Ra: Stephen Hughes, sci-fi
Magic as science thoroughly explored. Needs an edit pass, but a good read.
* Anathem: Neal Stephenson, sci-fi
10th read, my favorite sci-fi novel of the last decade. Nerd teens investigate a mystery growing to loom over their sheltered existences.
How Not To Be Wrong: Jordan Ellenberg, pop sci
Really nice exploration of what math means as a practical matter.
This One Summer: Mariko Tamaki, Jillian Tamaki, fiction
Coming-of-age story at a summer cottage. Beautiful art and storytelling.
The Profitable Side Project Handbook: Rachel Andrew, business
Only informed by one project. “Start Small, Stay Small” is still a much better read on the same topic.

Final update: 2015-01-04

And now the year is over with a little over 100 books finished, depending on how the deliberately unfinished books and serial works are counted. And that count is indeed interesting to me: when I was a kid with no commitments I used to read 200-300 books per year, mostly light fiction. I knew I was down from that between reading email/blogs and having personal projects, but I had no intuition for how much.

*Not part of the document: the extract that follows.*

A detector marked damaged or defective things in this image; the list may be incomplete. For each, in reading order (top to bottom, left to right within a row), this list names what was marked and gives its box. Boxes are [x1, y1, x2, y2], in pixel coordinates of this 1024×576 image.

This year I experimented with self-published fiction: Fine Structure, Ra, Worm, and Harry Potter and the Methods of Rationality (likely will be on next year’s list as the final chapters are published). I don’t think I’ll continue to do so. While self-published non-fiction has regularly been some of the best books I’ve ever read, the fiction is generally lower-quality. Not in the “this is just dumb” sense (well, Aurora was head-deskingly bad), in the “this needed an editor and another draft” sense. There’s too much entertainment out there to waste time with low quality. I also continue to dislike waiting on in-progress serial works (Ra, HPMOR, most TV, most comics) because of declining quality and attention lost to the Zeigarnik Effect.

This was also the first year I had an ebook reader on my phone. For a few decades I’ve almost always had a book or ereader with me, which is occasionally inconvenient (mostly in summer, when I have no large jacket pockets). I loaded it with light fiction (like all those cheesy Shadowrun novels) because I thought of it as alternative to serious reading. But I look back and see much more light fiction than I wanted, so I’m going to load it similarly or identically to my ereader (which as a much nicer screen for reading). Except for dense technical works my reading time is very fungible.

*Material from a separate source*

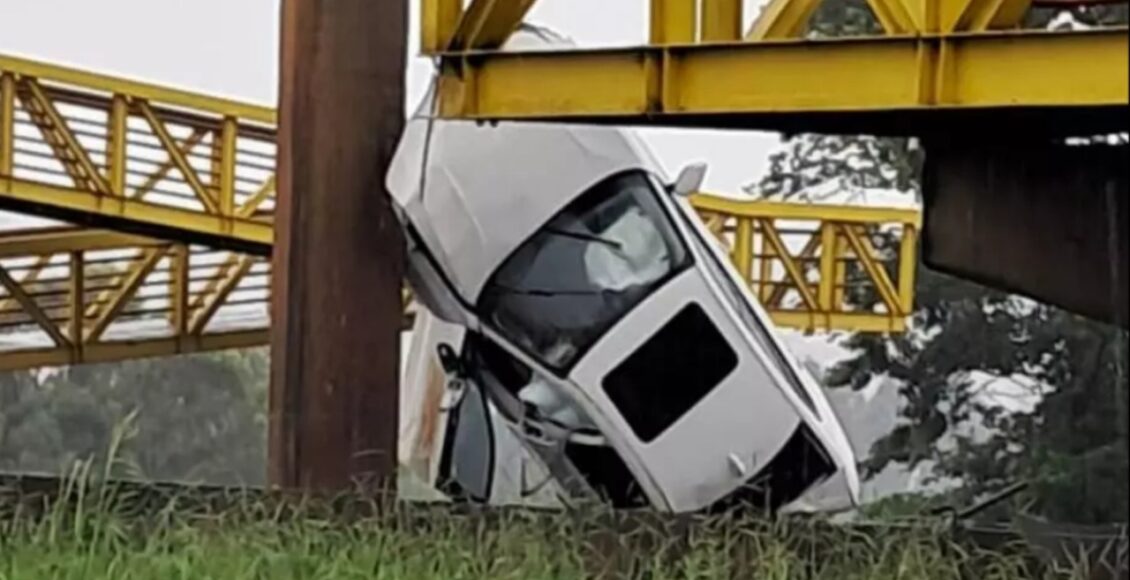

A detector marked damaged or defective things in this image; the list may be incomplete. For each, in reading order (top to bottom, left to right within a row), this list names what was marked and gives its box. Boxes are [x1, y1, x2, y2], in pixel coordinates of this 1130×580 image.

broken windshield [476, 170, 688, 374]
overturned vehicle [388, 31, 856, 516]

Keeping this list has already been useful for me. I’ve referred back to it to find books I wanted to recommend. When I’m reading, there’s been a small part of me reading more critically as it considers how to summarize the book (so I’ve also dropped more books, which I consider very positive). And it makes me happy to turn consumption into production. I’m going to continue keping this list.

In fact, I’m going to expand it. When I reread this list I can see gaps where I got pulled into playing 2048 or Crusader Kings II for endless hours. I’d like to take note games, movies, and TV because I have no intuition for how much of that I’m consuming.